--- DATASET EXCERPT Enclosed Below ---
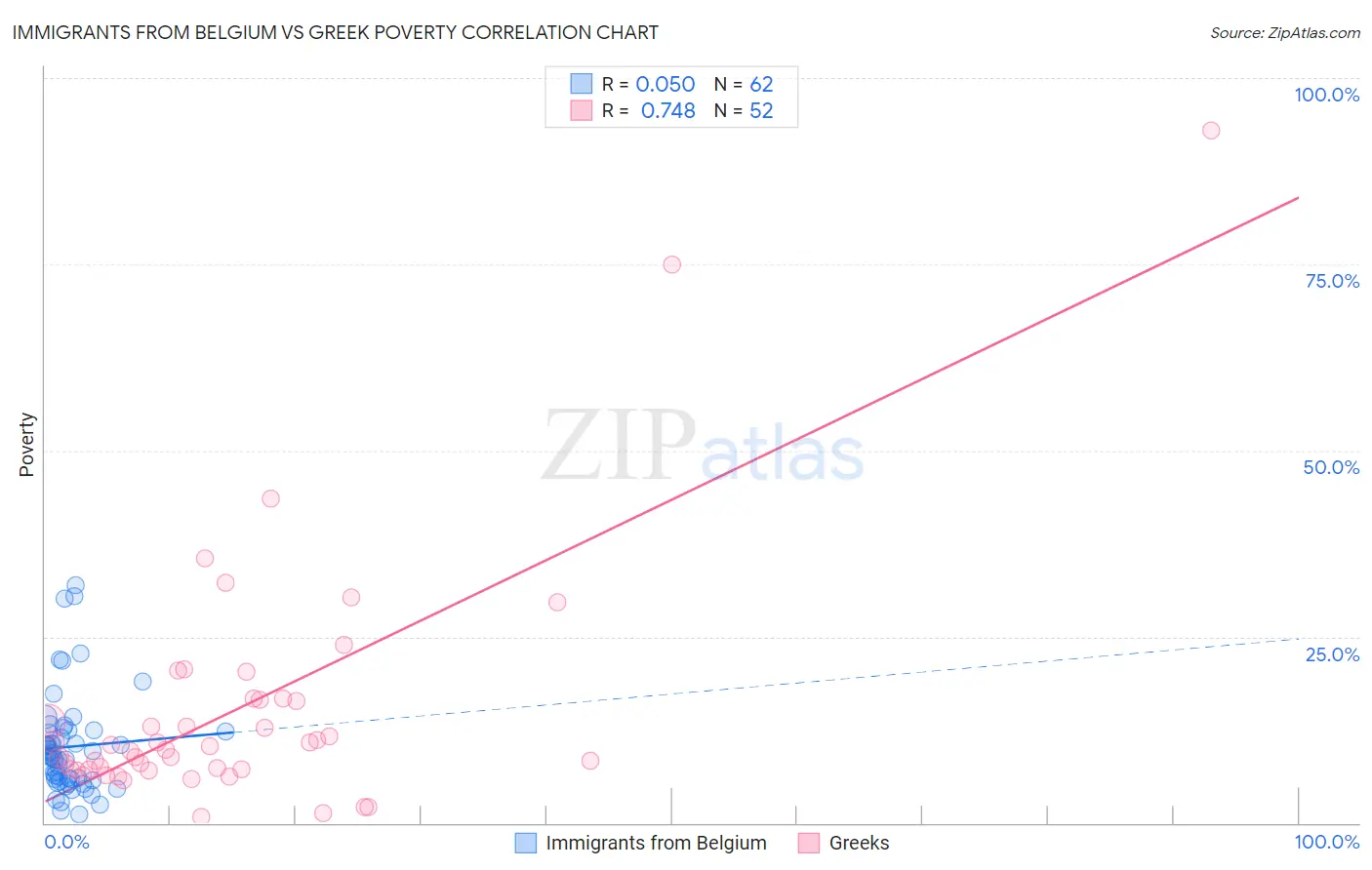 Immigrants from Belgium vs Greek Poverty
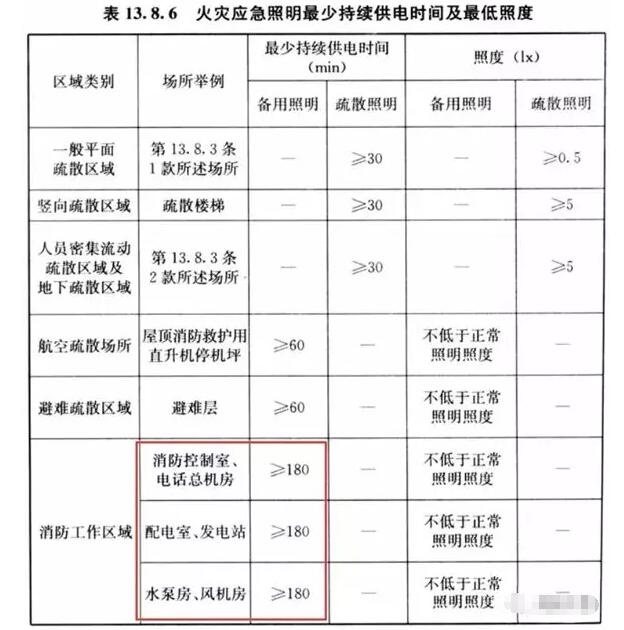 你知道消防重要設備機房的備用照明應該供電多少嗎？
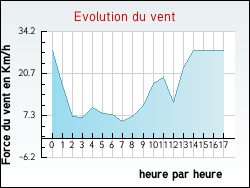 Evolution du vent de la ville Pourch�res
--- End of Enclosed DATASET EXCERPT ---
▶ PROMPT: Restate the listing word for word and drop the pictures.

▶ OUTPUT OF THE TASK:
 Immigrants from Belgium vs Greek Poverty
 你知道消防重要設備機房的備用照明應該供電多少嗎？
 Evolution du vent de la ville Pourch�res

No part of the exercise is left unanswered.